Tangomán, así lo llaman por su obsesión al baile, siente que es un hombre con la mente de animal en el cuerpo de un hombre de figura demacrada y feo como él solo, sin más atributos que los de un hombre desesperado como resultado de la falta de amor, de cariño en su infancia. Tangomán, ya cuarentón, encuentra en una academia de baile cutre, situada en un polideportivo de barrio, el espacio que le permite dejar de contener sus pasiones y sus emociones. Los rasgos de su personalidad son los de alguien sin identidad, en continua huida de algo que no logra definir, hasta que se pone a escribir en un cuaderno unos apuntes para explicarse su vida. Es un hombre sin identidad porque no la tiene. La identidad es un peso que te sujeta y no te permite ir de aquí para allá como un globo sin dirección, a merced de los vientos que zarandean la existencia de Pedro Muros.
Huir es el verbo que se repite una y otra vez, como Rimbaud huía constantemente de Charleville. También la falta de atributos es aquello que machaconamente exclama para apuntalar el rasgo definitorio de su personalidad, como el Ulrich de “El hombre sin carácter”, de Robert Musil.
Pedro Muros es un hombre solitario, un tanto desequilibrado, que busca y encuentra en un club de baile y en un gimnasio de boxeo, relaciones donde descubre su verdadero ser reflejado en los compases del tango o de endiablados swings y en los ejercicios con los punching ball. Esto, junto a la lectura de revistas y libros,
y con los apuntes escritos que se convierten en un ejercicio de interpretar la significación de todas las situaciones de su vida. Escritura terapéutica invitadora a volver sobre sí para descubrir los errores y esa vida que se le había rechazado, para tener en ella su fundamento y consumación últimos. Se puede decir que el baile, el boxeo, leer, escribir, pensar, conocer y vivir se entrelazan irremisiblemente en la superación de sus complejos reales o imaginados, en el conocimiento de que el dolor está unido al placer. O tal vez uno nace del otro.

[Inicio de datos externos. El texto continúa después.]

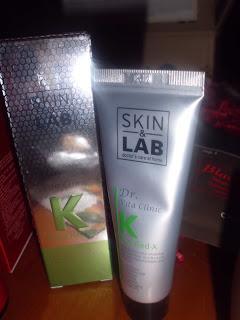 Skin & lab, K plus Red X Skin & lab, K plus Red X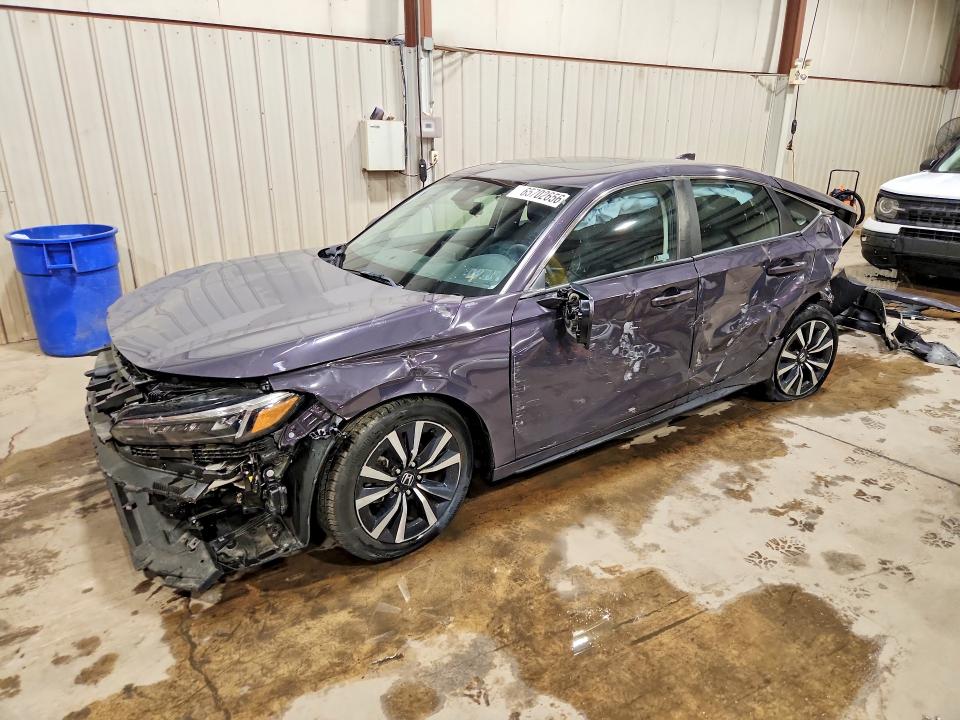 2024 Honda Civic მანქანა იყიდება აუქციონზე, vin: 19XFL1H79RE007297, აუქციონის ნომერი: 65702656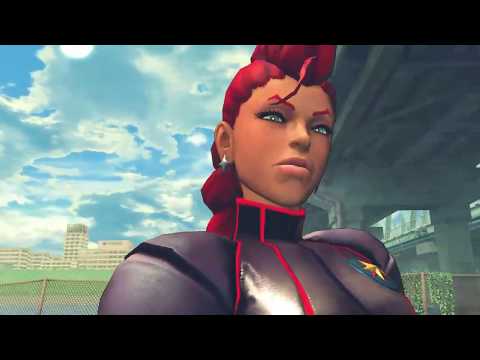 Ultra Street fighter 4 - jingojungle vs gagapa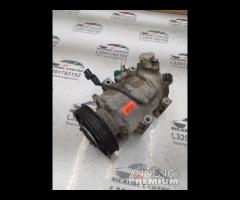 COMPRESSORE ARIA CONDIZIONATA KIA RIO III/ HYUNDAI - 18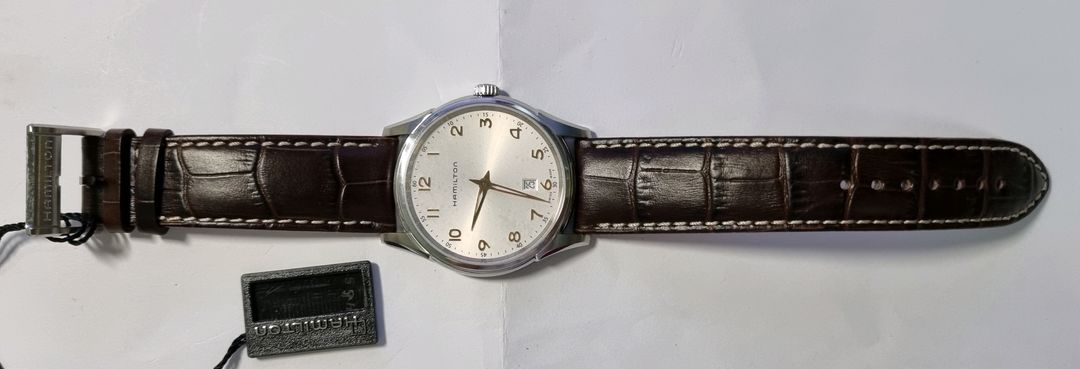 [HAMILTON] 해밀턴 재즈마스터 씬라인 (새상품)--2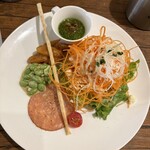 江坂イタリアン ラッポルティ -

Pedro Muros, “Tangomán”, escribe su propia novela alcanzando una pulida resolución literaria que visibiliza lo visible y lo invisible de su cuerpo. Aunque en ocasiones, como su amigo Juan, el lector no entienda sus divagaciones y sus explicaciones confusas y extrañas. Además de alguna incongruencia, como que alguien que reflexiona con el hilo más fino para pensar lo que siente y le ocurre, afirma (pág. 327) “Si tuviera que definirme debería hacerlo como uno de esos que no quieren mirar atrás para no analizar en profundidad lo sucedido”. O esa afirmación de que lo suyo era una soledad en blanco, sin pensar en nada concreto; cuando está escribiendo en un cuaderno blanco sus notas rememorativas para explicarse lo que ha llegado a ser.
Tangomán tiene un final redimido de todos los lastres que no le han dejado ver el lado bueno de la existencia. Es la conclusión que ha elegido Kepa Murua para su personaje. A mí me hubiera gustado más ese otro que sigue la impronta de Dostoiewski cuando dice: “¿Por qué estáis tan firmemente convencidos de que solo lo normal y positivo, solo lo que procura bienestar es conveniente al hombre?”.